Fue en el barrio de San Juan del pueblo de Huaniqueo, donde nací un 5 de noviembre de 1959 y allí pasé, la fundamental primera parte de mi vida sin ver televisión y escuchando las radionovelas. No fui al Párvulo porque, el primer día de clases, quizás por miedo de ver a la maestra que vestía de negro, salté por la ventana y me fui al negocio de mi padre que estaba en la plaza del pueblo. Él cuando me vio allí parado en la puerta y sin saber qué decir, me preguntó:

–¿Siempre no hubo clase?

–No, no hubo–mentí.

–Quédate aquí conmigo –me dijo con la ternura que siempre vi en mi padre– y sirve que me ayudas a vender el periódico. Puedes ir a llevarlo tú solo a las tiendas de la plaza.

Y así fue. Llevé el periódico a tres de los doce lugares de entrega que mi padre tenía concertados para los trece ejemplares que llegaban al pueblo. Me sentí útil y grande, porque los compradores, además de sorprenderse por tan pequeño voceador, me pagaron por el ejemplar con mucho gusto y no faltó el elogio, por ser tan pequeño. No recuerdo la cantidad de la recompensa que más tarde mi padre me dio, pero conservo aquel momento como un encuentro con mi padre, el primero de su larga, muy larga amistad paterna que tuvimos. Y así, como tuvo la augusta comprensión por haberme escapado del Párvulo, del mismo modo –años más tarde–, comprendió mi decisión de ser escritor. Mi madre, no estuvo de acuerdo ni con una, ni con la otra decisión, pero ambas fueron cumplidas. Con el tiempo mi madre aceptó mi oficio, pese a que “me moriría de hambre” y lo decía con lástima. Su control por la disciplina y por las normas de cómo debía ser la vida, nunca lo abandonó. Siempre que me despedí de ella, me aconsejaba llevar suéter y que me “recogiera temprano”. Nunca olvido una llamada que le hice de Londres. Antes de colgar, me dijo: “Recógete temprano y no andes demás en la calle”.

Aquel día cuando fui un fugitivo del Párvulo y volvíamos a casa a la hora de la comida, yo caminaba feliz de la mano de mi padre y recuerdo la facilidad y la sencillez, con la que defendió ante mi madre, la decisión de que ese año yo no fuera a la escuela.

–Que se espere un año más – dijo categórico –son muchos los que va a tener que ir.

Y así fue.
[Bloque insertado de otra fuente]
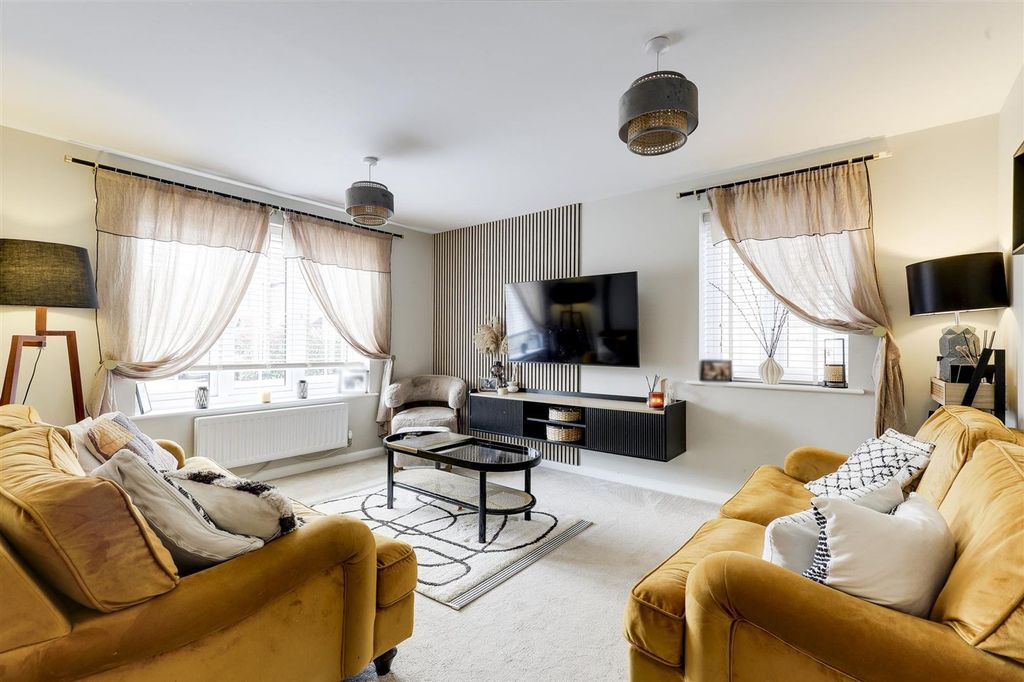 Property photo 2 of 24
Ese año, aunque no fue como esperaba, ciertas mañanas acompañaba a mi padre a su negocio donde se vendía fruta y otros enseres, pero sobre todo, vendía y rentaba revistas (cuentos les llamábamos) y allí llegaba el periódico de Morelia (La Voz de Michoacán) todos los días para su distribución en el pueblo.

Poco a poco, comencé a venderlo de manera esporádica, porque el titular, era mi hermano Polo, cuatro años mayor que yo. Cuando fui a la primaria y me quedé con la titularidad de la entrega del periódico, me sentí afortunado. Era yo –como lo fue mi hermano–, el único niño que entraba al billar, sitio donde había hombres de pistola que jugaban baraja y apostaban. Hasta allá llevaba el diario, hasta aquel cuartucho oscuro, al que se llegaba saliendo al patio y subiendo una estrecha escalera. Muchas veces acepté prestarle el periódico a alguno de los jugadores para permanecer un rato más mirando el juego de los hombres mayores.

Durante todos los días de mi escuela primaria, caminé un kilometro para ir y otro de vuelta, para asistir a clases y por supuesto, caminábamos solos rumbo a la escuela y solos íbamos de regreso, además de haber caminado en la entrega del periódico que significaba para mí, recorrer el pueblo.

Caminar me ayudó a pensar y a imaginar, estoy seguro.